These changes would have the effect of expanding the types of
permissible investments that are subject only to the overall limit on
unsecured credit extensions set forth in Sec. 1277.7(a)(2), a status
that currently applies only to overnight Fed Funds. Overnight Fed Funds
are overnight unsecured investments in approved counterparties, while
IBDA deposits are non-maturity deposits in approved counterparties,
using the same credit standards as, and generally paying a premium
compared to, overnight Fed Funds. For a Bank's IBDA deposit to be
considered an authorized overnight investment under the proposed rule,
the Bank would be required to establish a process by which the
counterparty would return its IBDA deposit daily, which is analogous to
movement of overnight Fed Funds trades.
While IBDA deposits have a similar risk profile to overnight Fed
Funds, FHFA expects that expanding IBDA deposit capacity would benefit
the Banks by increasing the flexibility of their liquidity asset
management.

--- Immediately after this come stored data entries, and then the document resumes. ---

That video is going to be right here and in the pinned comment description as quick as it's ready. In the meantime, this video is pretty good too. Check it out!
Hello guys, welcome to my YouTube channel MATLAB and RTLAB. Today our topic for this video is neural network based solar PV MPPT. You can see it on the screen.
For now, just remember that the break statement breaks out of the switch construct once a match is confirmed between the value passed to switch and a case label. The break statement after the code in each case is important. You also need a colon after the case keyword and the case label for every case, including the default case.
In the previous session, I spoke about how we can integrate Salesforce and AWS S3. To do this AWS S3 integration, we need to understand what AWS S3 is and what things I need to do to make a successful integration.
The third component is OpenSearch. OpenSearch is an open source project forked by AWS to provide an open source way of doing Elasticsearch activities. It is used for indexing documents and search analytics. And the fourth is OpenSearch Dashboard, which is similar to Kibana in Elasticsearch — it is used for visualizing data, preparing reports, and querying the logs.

For example, while most reverse repo and overnight Fed
Funds transactions require an early morning trade commitment, IBDA
deposits can move between a Bank and counterparty whenever funds
transfer systems are open, including the end of the business day. By
employing IBDA deposits to manage liquidity, a Bank need not attempt to
accurately anticipate member advance demand before gaining a full
understanding of member liquidity needs and debt issuance conditions
throughout the business day. In a stressed market environment,
developments during the business day can create sudden, unanticipated
late-day advance demand. The proposed exclusion of ``authorized
overnight investments'' from the general limit would allow the Banks to
increase IBDA deposit exposure and therefore retain more cash on hand
to satisfy unexpected late-day member advance needs before committing
excess funds to their IBDA counterparties at the end of the business
day, thereby improving their overall liquidity flexibility.

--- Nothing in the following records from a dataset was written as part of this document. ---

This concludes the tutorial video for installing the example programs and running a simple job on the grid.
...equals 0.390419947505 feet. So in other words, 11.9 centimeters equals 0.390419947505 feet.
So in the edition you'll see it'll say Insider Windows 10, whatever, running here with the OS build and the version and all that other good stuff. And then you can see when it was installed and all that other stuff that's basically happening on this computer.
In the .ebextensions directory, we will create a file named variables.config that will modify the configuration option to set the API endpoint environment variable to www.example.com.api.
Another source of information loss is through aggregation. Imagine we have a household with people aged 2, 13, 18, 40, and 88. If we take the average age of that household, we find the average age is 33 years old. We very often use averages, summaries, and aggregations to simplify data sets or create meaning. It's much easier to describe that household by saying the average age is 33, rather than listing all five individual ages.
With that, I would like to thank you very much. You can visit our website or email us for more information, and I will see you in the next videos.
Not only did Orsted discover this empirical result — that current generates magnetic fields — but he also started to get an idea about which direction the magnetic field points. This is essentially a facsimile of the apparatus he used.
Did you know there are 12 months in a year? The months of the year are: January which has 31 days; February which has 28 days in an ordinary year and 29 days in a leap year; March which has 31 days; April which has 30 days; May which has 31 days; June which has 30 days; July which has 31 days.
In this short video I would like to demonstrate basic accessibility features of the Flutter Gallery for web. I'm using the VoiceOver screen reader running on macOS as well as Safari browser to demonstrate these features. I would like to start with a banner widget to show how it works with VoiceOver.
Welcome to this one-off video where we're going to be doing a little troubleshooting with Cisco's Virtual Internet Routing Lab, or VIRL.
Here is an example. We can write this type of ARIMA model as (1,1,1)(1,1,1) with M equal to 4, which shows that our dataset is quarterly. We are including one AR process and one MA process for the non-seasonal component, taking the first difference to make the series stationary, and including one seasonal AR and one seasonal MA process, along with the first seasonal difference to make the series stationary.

FHFA expects that expanding the Banks' ability to use IBDA deposits
for liquidity management would further benefit the Banks by reducing
the overall cost of holding liquidity assets due to higher yields
available through IBDAs. Since 2018, the Bank System has achieved a
spread on IBDA deposits above reverse repo and overnight Fed Funds sold
transactions of approximately 7.5 and 6.7 basis points, respectively,
indicating a lower cost to yield against instruments of comparable
risk.
FHFA proposes including in the new definition of ``authorized
overnight investments'' set forth in Sec. 1277.1 the ability to expand
without a rulemaking the types of overnight investments excluded from
the general limit, and therefore subject only to the higher overall
limit, to respond to changes in financial products and market
conditions. The Banks would seek approval for such investments through
the approval process set forth in FHFA's procedures regulation at 12
CFR part 1211. This would allow FHFA to update the instruments
qualifying as authorized overnight investments without amending the
regulation through rulemaking, significantly increasing the speed with
which the Agency could respond to the evolving financial marketplace.

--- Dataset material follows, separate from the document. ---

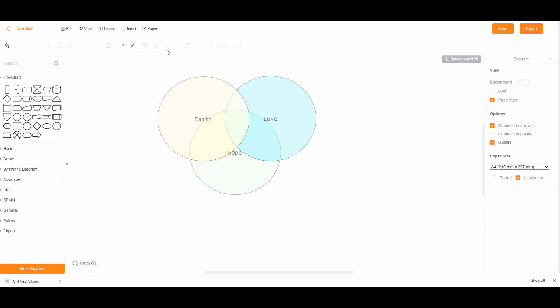It's that simple. And that is how you make a Venn diagram using Gitmind. For more videos like this, subscribe to our YouTube channel.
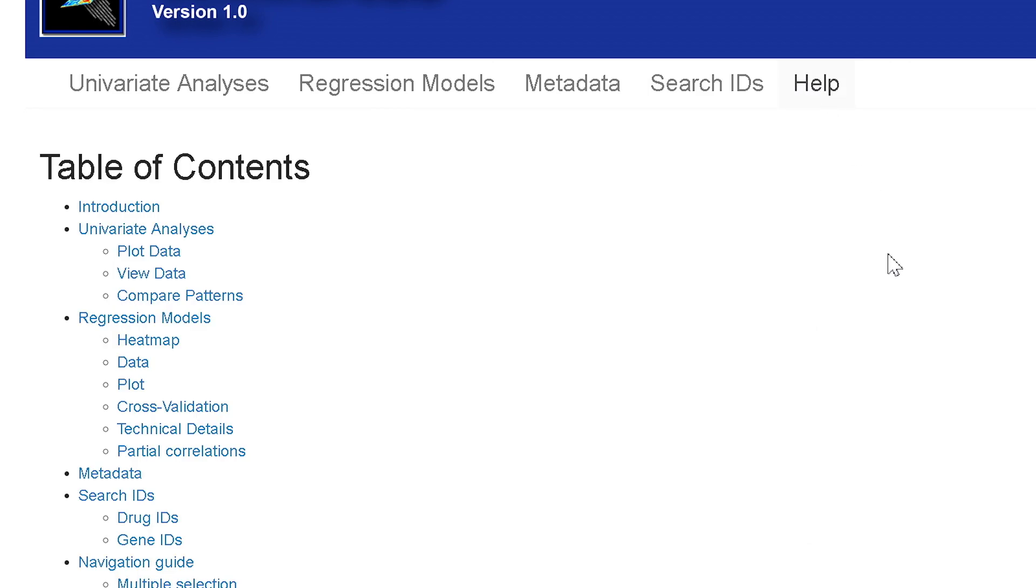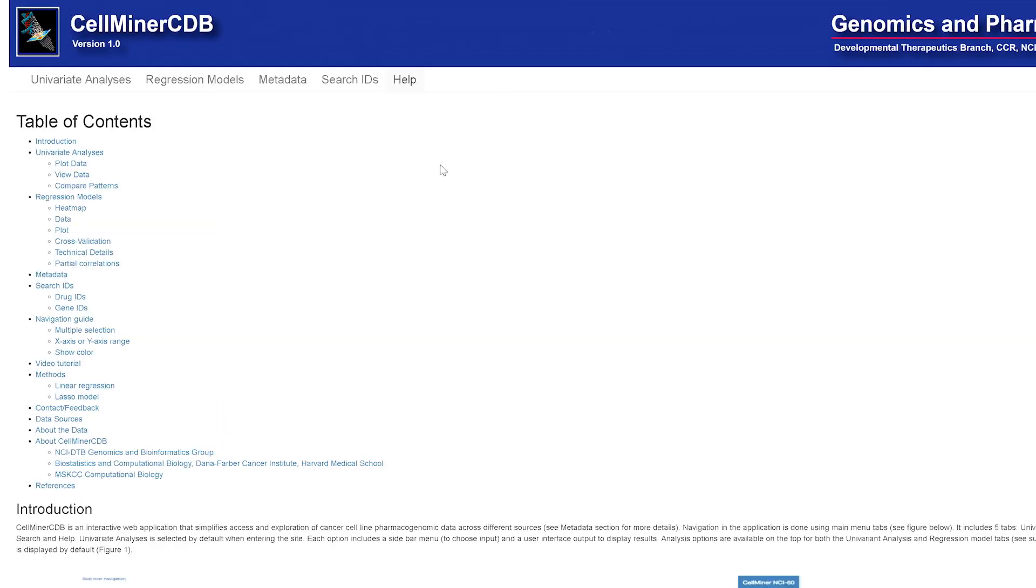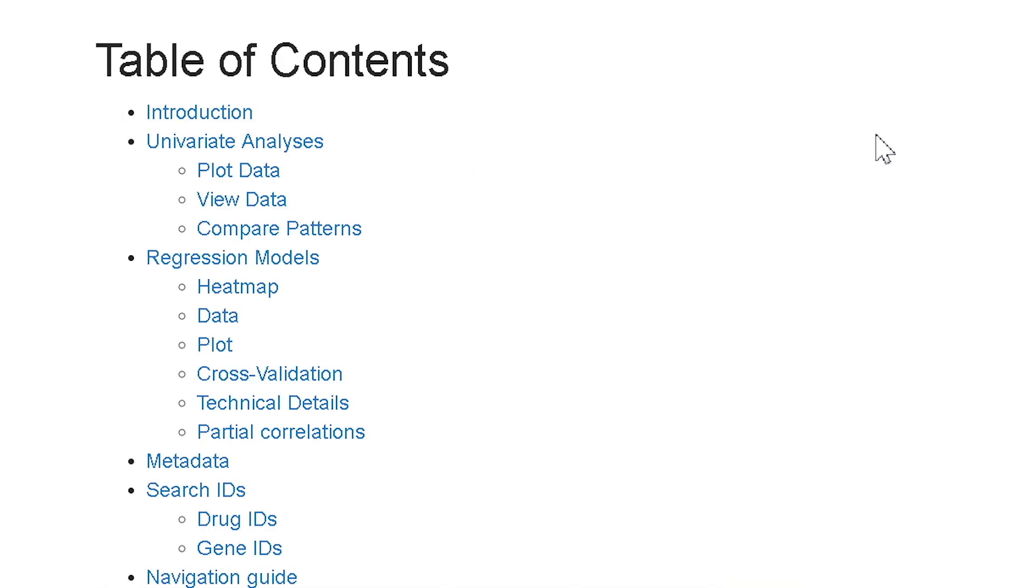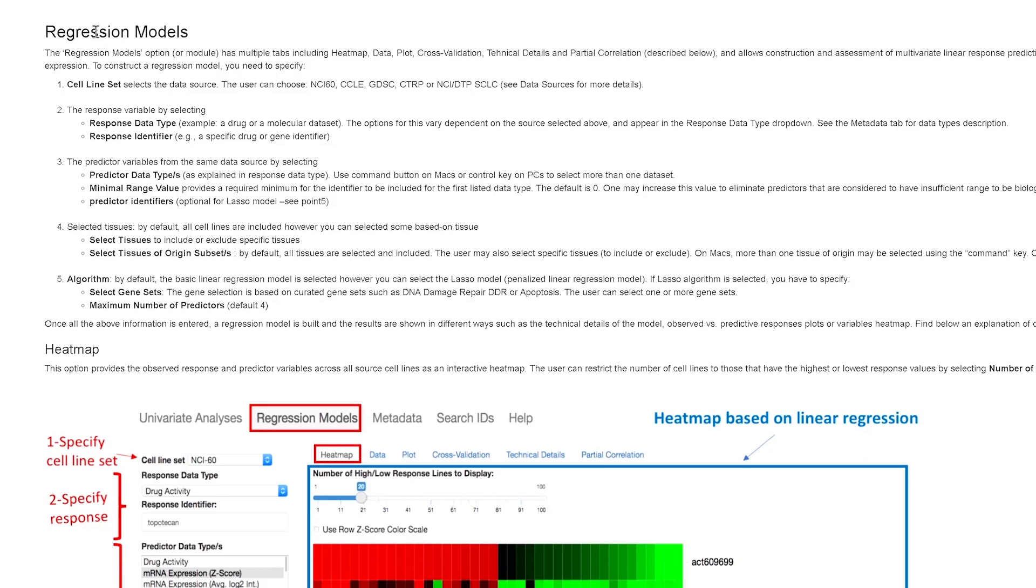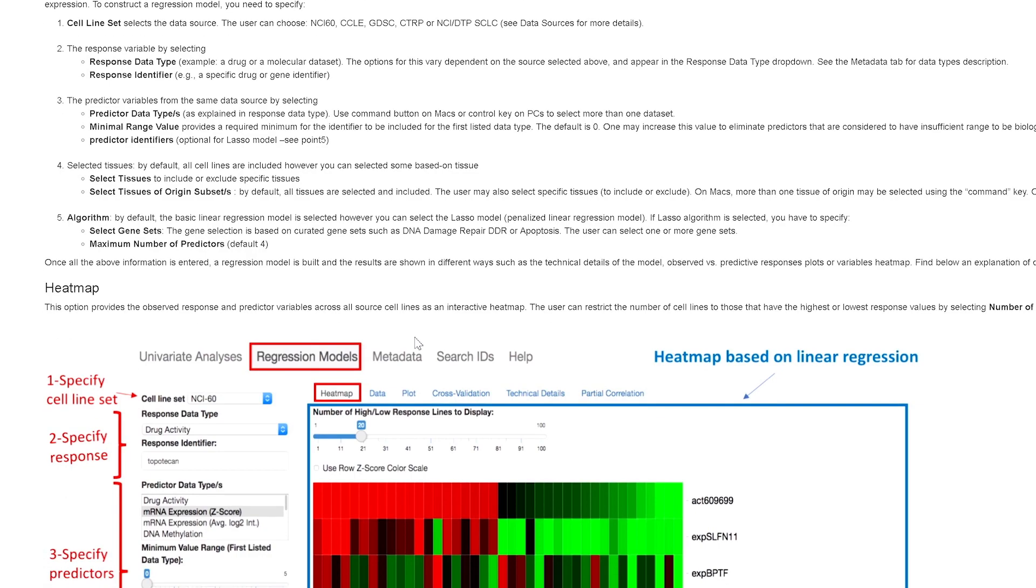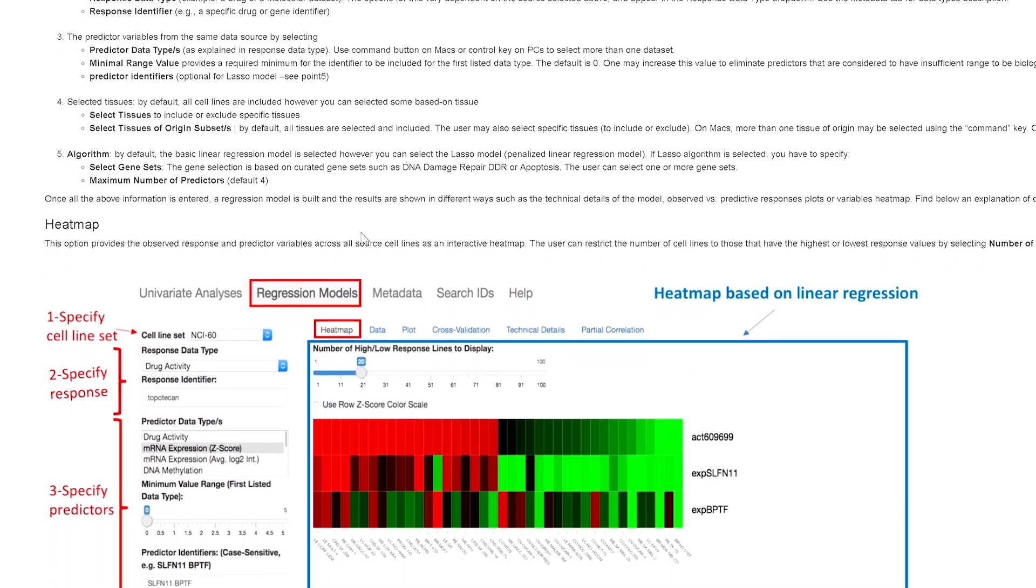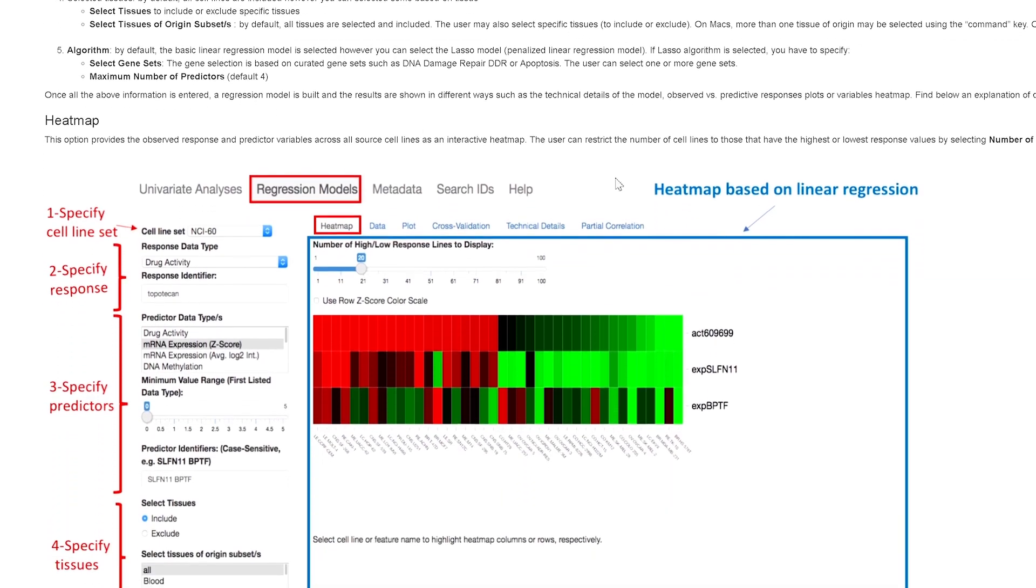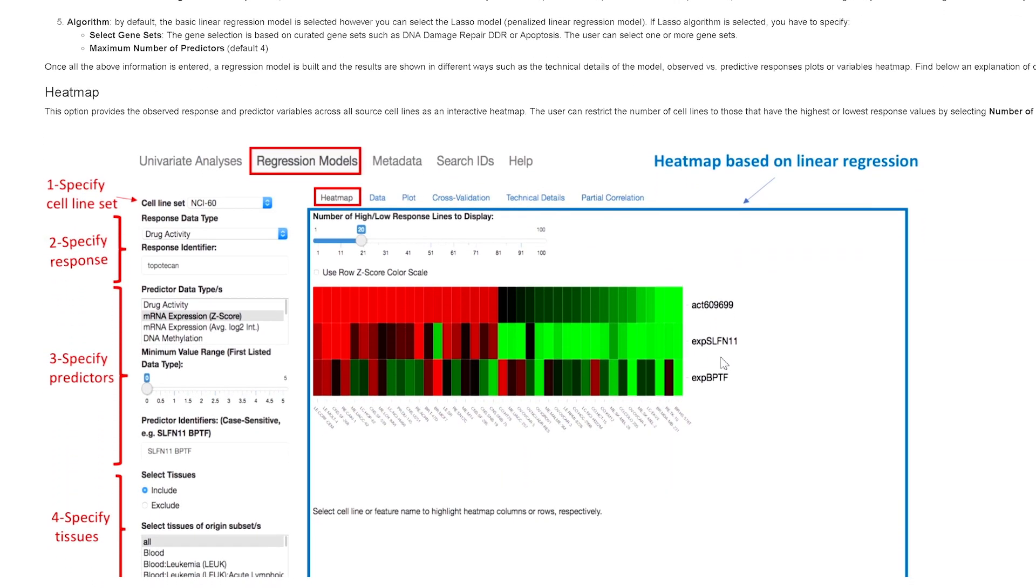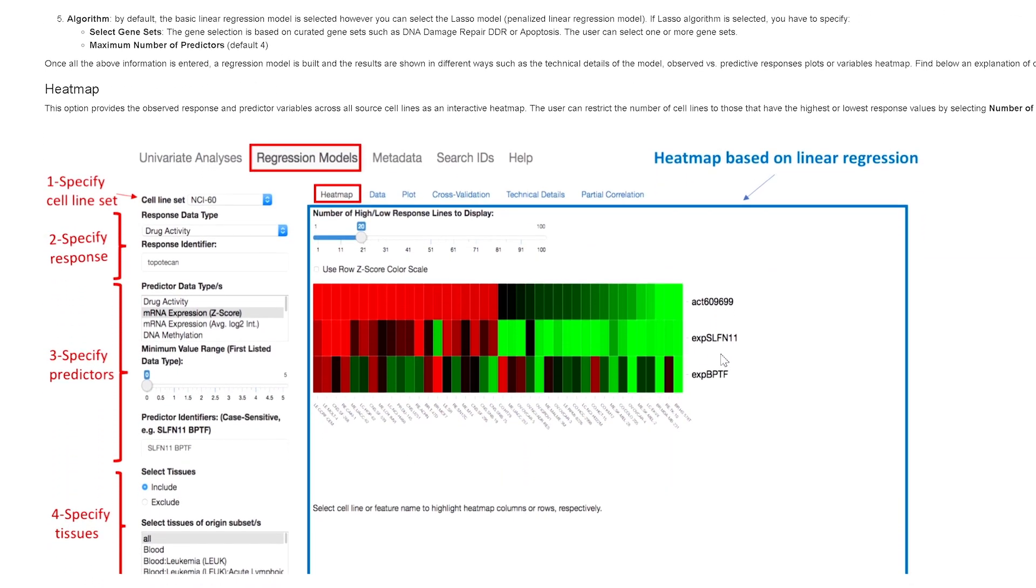In the Help section, we provide the motivation, background information, descriptions, and illustrations for how to use CellMiner CDB. So for instance, if you wanted more information on how to do regression models, you would click there, and there's a bunch of text here describing what you do, as well as illustrations of how to do it.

FHFA requests comment on whether, as proposed, unsecured extensions of
credit excluded from the general limit and subject only to the overall
limit should be authorized by FHFA through the regulatory approval
process, or whether any such changes should be subject to notice and
comment rulemaking.
FHFA has considered whether unsecured deposits in non-interest-
bearing deposit accounts such as settlement, payroll, or other
transactional accounts should be considered unsecured extensions of
credit and included in a Bank's calculation of its unsecured credit
limits. Such deposits are considered on-balance sheet transactions
under existing Sec. 1277.7(f)(1)(i) \17\ and therefore must be
considered unsecured extensions of credit and subject to the unsecured
credit limits. Further, nothing in the existing regulation excludes
such deposits from the unsecured credit limits.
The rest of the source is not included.